M – People were shocked when I told them I would spend a weekend last summer in a tent. As in camping. Admittedly, I love nice hotels and good food and write about those things in this space from time to time. I loved it as a high school kid in Michigan, which, like New Hampshire, is filled with great sites to pitch a tent and enjoy the silence of a morning wake up call from the birds.
That was 1983. Now, campers wake up to the beeps of car locks. Even the accidental car alarms have replaced the robins. Twice that weekend a sleeping camper rolled over on their key fobs and woke the whole campground up at 6a.m.

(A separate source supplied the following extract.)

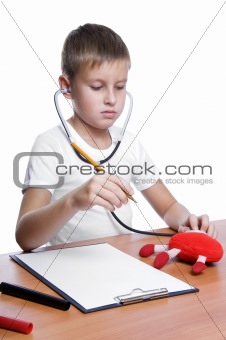 cute young boy playing doctor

Never would’ve happened 30 years ago.
“A car alarm is the new reveille for today’s campers,” fellow camper Erik snickered. He’s right. This ain’t your father’s campground. A few things haven’t changed in the past three decades on camping. You still smell like smoke when you go home and you eat stuff you drop on the ground. After all, the five second food rule does not apply in the woods.
The heart and soul of life under the stars is the nightly camp fire. Our evening began with a frantic rush to make s’mores about eight seconds after we finished dessert from our communal dinner of venison and bear fat. OK, it was steak tips and Kayem hot dogs.
Have you made a s’more with those new super-sized marshmallows that look like white throw pillows? Good luck tasting the chocolate or graham cracker flavors with so much marshmallow. Plus, you’ll need a putty knife to scrape the excess goupage from your fingers once it dries.
As much as I enjoyed my time with Lady Baba’s fun and loving family, I was a bit saddened by technology’s tentacles reaching into the woods with cell phone ring tones and car horns.
And no need to bring a compass. My GPS guided me out of the woods and back home to the city where I’ll wake up to the birds tomorrow instead of car alarms.